Inherited polyneuropathy is the result of three chief causes. The first is spinal muscular atrophy, in which the muscles of the spine shrink and deteriorate. The second is demyelization, which causes destruction of the myelin, which is a protective sheath covering the nerves. Finally, the disorder can be caused by lysosomal storage diseases. The latter are inherited enzyme deficiencies that make the animal's body unable to perform normal metabolic functions.
In other cases, the disease is not inherited, but instead acquired later in life, caused by diabetes, hypothyroidism (hypoactive thyroid) or autoimmune disorders like lupus. Other conditions that cause inflammation of the muscles, joints and kidneys also can lead to polyneuropathy. Finally, an infectious organism known as neospora canis also can cause the problem.
Most of these disorders result in muscle weakness or paralysis, a loss in muscle tone and muscle mass, plus either reduced or absent muscle reflexes. Affected animals often have head tremors, seizures, and an unsteady gait. Some also lose their ability to feel pain, and may therefore injure themselves or make any existing injury worse without being aware of it. In severe cases, blindness can result, and the animal may become depressed and lethargic. Symptoms related to inherited neuropathy usually begin when the puppy is about six months old. They come on slowly and progress slowly over time. In acquired cases, the disease can appear in dogs of any age. The age of onset and how quickly symptoms develop depends upon the individual dog and the specific cause. Dogs with acquired neuropathy also may experience anorexia.
Any dog may be affected by polyneuropathy, and dogs with the inherited form of the condition should not be bred. The following breeds have the highest incidence of inherited polyneuropathy: Alaskan Malamutes, Boxers, Dalmatians, English Pointers, German Shepherds, Long-Haired Dachshunds, Rottweilers and Tibetan Mastiffs.
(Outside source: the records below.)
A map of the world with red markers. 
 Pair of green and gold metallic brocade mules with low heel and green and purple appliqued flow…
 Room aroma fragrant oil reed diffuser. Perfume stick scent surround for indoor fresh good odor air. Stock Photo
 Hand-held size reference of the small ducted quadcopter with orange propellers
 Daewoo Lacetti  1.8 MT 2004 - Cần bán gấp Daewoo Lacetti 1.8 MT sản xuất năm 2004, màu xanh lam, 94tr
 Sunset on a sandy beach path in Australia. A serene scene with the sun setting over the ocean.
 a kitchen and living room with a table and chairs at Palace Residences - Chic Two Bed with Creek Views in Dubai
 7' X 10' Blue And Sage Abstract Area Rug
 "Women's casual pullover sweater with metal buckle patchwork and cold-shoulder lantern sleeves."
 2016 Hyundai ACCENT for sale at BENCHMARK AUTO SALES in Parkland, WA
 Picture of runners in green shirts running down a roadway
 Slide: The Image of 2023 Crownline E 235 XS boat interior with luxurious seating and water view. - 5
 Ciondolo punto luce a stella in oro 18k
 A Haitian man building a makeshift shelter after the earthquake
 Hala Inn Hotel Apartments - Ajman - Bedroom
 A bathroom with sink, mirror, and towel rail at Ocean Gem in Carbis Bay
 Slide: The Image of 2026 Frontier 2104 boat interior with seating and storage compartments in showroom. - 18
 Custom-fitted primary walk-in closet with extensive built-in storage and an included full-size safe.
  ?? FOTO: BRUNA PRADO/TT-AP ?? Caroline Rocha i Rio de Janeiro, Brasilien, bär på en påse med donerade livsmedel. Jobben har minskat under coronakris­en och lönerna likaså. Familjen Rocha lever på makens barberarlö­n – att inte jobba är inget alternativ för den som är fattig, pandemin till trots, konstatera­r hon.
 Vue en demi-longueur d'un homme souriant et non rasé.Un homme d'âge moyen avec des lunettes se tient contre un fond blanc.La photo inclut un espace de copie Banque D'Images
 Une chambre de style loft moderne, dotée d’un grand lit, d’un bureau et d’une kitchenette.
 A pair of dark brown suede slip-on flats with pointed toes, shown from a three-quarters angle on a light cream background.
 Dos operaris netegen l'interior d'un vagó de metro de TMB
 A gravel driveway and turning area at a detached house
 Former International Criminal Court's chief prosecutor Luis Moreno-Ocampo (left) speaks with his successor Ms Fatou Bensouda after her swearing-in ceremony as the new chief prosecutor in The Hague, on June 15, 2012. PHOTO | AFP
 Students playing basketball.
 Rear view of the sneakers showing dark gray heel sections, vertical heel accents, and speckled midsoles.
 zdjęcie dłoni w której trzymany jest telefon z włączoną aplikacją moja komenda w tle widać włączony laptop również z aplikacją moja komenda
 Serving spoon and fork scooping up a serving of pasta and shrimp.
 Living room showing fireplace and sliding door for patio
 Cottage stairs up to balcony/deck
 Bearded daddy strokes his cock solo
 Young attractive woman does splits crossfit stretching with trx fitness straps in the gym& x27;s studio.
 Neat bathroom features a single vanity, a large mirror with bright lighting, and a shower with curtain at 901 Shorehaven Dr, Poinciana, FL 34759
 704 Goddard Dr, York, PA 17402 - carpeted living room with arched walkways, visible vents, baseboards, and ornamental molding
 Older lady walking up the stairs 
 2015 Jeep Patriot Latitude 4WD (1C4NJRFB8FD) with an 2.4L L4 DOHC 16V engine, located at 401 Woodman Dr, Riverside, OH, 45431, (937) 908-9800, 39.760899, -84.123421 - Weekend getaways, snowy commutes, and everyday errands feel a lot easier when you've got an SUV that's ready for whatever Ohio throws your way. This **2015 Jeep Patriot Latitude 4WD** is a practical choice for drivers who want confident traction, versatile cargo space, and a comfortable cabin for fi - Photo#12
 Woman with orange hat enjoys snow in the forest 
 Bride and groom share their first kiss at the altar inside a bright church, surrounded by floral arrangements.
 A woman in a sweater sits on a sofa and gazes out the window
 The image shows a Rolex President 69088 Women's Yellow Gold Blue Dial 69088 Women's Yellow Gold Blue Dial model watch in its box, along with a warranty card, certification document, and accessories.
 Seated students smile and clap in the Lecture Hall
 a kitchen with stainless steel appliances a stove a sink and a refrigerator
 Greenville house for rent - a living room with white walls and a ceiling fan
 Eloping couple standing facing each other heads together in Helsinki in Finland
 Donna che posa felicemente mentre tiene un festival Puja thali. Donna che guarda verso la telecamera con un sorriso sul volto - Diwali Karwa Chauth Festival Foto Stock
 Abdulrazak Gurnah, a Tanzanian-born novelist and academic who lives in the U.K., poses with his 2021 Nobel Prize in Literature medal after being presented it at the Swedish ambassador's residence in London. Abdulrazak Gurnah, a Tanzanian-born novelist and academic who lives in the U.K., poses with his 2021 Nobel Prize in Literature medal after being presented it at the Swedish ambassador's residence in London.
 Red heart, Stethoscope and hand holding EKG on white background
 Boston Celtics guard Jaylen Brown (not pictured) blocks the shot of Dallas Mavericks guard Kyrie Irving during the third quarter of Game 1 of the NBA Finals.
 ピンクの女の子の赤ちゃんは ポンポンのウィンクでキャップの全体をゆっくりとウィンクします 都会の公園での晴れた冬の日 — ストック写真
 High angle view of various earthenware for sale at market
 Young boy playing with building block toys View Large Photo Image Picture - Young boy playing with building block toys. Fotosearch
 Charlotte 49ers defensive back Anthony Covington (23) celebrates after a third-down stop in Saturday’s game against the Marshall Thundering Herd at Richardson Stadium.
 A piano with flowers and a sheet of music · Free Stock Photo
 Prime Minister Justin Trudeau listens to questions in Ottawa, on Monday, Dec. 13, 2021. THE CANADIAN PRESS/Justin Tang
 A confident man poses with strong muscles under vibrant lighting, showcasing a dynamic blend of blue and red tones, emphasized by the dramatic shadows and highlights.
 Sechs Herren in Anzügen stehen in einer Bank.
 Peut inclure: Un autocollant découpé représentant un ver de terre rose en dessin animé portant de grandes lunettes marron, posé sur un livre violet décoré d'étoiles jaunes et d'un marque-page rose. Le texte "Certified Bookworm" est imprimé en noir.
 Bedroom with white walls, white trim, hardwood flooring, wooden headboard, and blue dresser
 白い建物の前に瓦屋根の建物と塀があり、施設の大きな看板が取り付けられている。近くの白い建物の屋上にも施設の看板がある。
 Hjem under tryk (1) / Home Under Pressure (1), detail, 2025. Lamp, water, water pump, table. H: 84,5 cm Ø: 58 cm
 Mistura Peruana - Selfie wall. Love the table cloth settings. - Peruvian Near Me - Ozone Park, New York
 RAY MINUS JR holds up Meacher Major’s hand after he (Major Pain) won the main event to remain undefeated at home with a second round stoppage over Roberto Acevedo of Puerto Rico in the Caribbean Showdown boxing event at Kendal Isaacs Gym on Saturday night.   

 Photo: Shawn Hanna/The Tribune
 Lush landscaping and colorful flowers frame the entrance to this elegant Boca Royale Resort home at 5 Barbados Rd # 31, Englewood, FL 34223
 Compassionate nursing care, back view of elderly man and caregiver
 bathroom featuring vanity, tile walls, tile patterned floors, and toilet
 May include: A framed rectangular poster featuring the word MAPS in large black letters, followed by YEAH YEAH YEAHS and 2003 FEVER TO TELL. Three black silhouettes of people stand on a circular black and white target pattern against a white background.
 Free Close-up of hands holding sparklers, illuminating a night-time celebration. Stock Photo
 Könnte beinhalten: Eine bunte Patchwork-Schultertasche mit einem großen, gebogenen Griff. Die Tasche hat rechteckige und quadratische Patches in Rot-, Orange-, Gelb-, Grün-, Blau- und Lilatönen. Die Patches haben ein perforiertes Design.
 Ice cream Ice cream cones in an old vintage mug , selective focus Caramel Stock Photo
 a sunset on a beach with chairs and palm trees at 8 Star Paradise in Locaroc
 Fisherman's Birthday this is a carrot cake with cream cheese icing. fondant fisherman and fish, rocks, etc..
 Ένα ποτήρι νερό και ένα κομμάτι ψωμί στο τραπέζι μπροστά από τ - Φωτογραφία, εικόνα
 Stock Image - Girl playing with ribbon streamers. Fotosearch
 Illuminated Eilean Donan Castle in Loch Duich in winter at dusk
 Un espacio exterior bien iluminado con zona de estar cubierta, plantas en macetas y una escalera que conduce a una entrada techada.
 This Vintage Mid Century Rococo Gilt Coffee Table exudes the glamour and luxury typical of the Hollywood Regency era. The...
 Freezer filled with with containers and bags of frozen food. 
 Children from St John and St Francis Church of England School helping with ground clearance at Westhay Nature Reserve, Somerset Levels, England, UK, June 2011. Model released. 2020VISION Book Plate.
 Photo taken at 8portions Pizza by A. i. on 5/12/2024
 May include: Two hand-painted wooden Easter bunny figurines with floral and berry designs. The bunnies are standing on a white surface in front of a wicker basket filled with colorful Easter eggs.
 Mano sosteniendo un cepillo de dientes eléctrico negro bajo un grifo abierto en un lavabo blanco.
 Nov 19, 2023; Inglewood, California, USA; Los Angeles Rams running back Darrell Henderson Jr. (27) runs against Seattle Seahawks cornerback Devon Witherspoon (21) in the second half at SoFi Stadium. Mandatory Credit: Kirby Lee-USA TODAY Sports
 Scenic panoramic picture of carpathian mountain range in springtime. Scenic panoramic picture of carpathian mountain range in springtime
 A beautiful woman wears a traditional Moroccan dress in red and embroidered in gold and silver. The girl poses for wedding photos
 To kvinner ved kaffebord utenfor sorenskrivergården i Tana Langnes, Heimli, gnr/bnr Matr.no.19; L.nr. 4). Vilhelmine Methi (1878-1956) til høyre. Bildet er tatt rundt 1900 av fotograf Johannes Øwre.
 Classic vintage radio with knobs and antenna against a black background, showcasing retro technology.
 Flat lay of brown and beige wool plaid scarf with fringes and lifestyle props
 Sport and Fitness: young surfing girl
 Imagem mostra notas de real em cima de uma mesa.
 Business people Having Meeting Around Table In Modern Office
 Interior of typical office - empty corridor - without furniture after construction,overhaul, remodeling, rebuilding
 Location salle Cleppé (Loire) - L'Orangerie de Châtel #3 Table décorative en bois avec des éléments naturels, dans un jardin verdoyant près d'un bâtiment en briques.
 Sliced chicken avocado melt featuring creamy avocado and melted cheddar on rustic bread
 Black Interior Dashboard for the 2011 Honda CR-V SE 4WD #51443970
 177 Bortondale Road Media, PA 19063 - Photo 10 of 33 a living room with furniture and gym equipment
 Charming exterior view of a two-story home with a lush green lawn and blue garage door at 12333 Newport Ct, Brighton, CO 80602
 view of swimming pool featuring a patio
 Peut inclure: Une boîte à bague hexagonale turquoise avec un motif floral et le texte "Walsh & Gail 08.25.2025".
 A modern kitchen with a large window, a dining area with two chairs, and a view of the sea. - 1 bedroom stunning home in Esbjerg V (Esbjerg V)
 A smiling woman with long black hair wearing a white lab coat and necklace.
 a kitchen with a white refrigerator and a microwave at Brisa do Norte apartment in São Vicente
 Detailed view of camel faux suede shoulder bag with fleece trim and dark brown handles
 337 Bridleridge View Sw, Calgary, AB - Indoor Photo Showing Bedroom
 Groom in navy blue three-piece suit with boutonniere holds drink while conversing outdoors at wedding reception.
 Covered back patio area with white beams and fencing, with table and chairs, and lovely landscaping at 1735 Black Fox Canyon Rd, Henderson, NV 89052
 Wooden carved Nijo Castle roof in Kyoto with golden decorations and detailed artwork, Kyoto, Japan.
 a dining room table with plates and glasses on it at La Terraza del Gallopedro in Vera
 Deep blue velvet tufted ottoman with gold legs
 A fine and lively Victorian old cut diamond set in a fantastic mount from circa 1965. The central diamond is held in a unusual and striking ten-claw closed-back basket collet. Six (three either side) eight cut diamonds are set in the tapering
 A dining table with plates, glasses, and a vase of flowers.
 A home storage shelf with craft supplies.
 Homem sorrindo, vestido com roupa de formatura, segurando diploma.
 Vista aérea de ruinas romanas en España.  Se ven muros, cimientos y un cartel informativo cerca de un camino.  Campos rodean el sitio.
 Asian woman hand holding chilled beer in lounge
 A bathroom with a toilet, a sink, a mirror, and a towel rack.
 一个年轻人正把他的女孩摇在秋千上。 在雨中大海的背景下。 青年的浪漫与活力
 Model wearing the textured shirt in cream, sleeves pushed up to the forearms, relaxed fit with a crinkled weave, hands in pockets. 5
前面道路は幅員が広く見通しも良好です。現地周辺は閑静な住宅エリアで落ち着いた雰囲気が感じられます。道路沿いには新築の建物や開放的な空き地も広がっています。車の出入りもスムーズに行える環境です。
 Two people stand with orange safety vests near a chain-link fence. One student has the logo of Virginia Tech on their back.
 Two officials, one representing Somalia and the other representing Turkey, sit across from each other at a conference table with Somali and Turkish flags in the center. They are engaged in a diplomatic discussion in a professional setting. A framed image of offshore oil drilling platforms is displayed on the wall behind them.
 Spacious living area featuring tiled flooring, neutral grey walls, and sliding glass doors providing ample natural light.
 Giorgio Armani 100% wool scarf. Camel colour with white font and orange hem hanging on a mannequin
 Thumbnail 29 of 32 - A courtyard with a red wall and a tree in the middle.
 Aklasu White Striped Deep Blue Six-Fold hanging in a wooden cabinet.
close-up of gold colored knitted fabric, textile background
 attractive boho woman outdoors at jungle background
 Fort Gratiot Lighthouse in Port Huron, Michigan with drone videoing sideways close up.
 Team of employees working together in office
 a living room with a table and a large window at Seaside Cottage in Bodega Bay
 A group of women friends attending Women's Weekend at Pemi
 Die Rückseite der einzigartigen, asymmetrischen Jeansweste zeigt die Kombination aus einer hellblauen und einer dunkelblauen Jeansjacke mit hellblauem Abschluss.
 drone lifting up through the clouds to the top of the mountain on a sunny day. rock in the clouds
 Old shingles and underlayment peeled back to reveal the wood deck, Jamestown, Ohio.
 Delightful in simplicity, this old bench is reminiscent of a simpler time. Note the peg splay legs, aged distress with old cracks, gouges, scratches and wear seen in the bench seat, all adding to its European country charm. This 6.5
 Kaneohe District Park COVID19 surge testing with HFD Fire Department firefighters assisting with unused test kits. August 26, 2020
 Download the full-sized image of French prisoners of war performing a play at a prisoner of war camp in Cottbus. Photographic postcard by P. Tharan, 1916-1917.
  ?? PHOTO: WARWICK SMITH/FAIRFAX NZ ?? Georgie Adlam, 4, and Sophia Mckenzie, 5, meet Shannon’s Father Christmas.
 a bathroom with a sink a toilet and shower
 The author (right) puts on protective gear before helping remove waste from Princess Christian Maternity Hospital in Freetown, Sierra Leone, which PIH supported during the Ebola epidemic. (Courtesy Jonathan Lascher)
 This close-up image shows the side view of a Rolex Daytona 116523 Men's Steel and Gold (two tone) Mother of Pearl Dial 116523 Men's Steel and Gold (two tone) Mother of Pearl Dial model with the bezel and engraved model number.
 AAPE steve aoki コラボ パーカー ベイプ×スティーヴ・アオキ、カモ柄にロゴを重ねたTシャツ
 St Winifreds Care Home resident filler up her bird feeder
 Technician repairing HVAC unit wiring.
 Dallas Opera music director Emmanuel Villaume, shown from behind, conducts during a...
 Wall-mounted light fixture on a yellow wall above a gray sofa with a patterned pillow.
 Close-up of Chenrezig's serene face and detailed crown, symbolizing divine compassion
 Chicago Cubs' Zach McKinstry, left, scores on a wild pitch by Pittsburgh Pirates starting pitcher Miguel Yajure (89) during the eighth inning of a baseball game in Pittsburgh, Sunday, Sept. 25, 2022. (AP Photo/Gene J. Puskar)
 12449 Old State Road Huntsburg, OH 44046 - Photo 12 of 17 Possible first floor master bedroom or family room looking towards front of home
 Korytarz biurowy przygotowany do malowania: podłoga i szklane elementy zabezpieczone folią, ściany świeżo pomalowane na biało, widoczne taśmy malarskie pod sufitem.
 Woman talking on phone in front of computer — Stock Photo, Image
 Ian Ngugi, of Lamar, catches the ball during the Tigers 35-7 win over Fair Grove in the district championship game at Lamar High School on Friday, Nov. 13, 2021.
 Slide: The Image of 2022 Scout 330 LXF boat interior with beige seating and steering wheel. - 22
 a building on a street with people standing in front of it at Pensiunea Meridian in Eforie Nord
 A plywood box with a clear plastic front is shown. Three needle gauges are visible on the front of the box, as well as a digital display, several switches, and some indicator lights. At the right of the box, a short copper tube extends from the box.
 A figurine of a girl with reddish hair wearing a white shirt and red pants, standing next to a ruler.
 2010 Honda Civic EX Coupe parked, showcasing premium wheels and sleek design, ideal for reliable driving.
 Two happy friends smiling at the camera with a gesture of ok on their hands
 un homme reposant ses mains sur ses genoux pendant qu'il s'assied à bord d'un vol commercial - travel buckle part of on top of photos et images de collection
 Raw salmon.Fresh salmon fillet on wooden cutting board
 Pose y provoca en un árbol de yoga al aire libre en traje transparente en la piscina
For unknown reasons, Coonhounds have a higher rate of acquired neuropathy, even suffering from their own specific condition, known as coonhound paralysis.
A variety of blood, nerve, and muscle tests are used to diagnose polyneuropathy in dogs. Inherited forms of the disease are incurable, so treatment is focused on making the dog as comfortable as possible. Dogs with acquired neuropathy can be treated based upon the specific cause; immune-suppressing drugs like corticosteroids are often prescribed. When the animal is severely disabled or unable to walk, then nutrition, fluid, and electrolyte therapy also may be administered. Animals that cannot walk also must be treated and moved regularly to prevent the development of bedsores.